In this article, we’ll explain how to install Rootkit Hunter in Linux (rkhunter).
Rootkit Hunter is an open-source Unix/Linux based security monitoring and analyzing tool. It is a shell script which carries out various checks on the local system to try and detect known rootkits and malware. It also performs checks to see if commands have been modified, if the system startup files have been modified, and various checks on the network interfaces, including checks for listening applications.
This guide will help you with the installation and configuration process.

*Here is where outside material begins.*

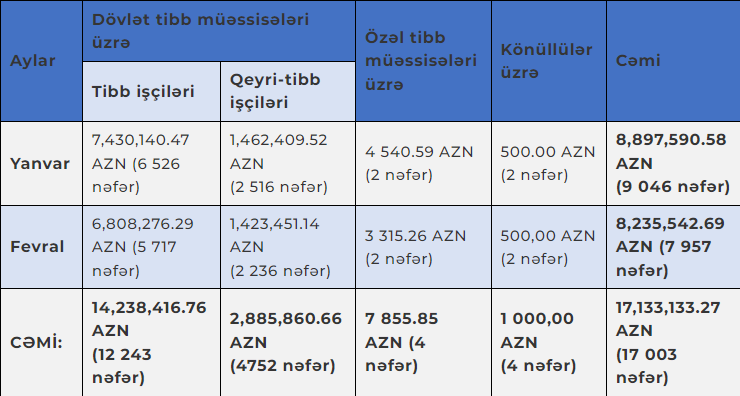 Koronavirusla mübarizədə iştirak edənlərə nə qədər pul ödənilib?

Install Rootkit Hunter in Linux
Let’s get started.
1. Download Rkhunter
Use following command to download Rkhunter from sourceforge.net.
# cd /tmp
# wget http://downloads.sourceforge.net/project/rkhunter/rkhunter/1.4.6/rkhunter-1.4.6.tar.gz
For latest version visit https://sourceforge.net/projects/rkhunter/files/rkhunter/
2. Extract and install Rkhunter
After we download Rkhunter, extract it and run the installation script like shown below:
# tar -xvf rkhunter-1.4.6.tar.gz
# cd rkhunter-1.4.6
# ./installer.sh –install
Above script will perform default installation of Rkhunter.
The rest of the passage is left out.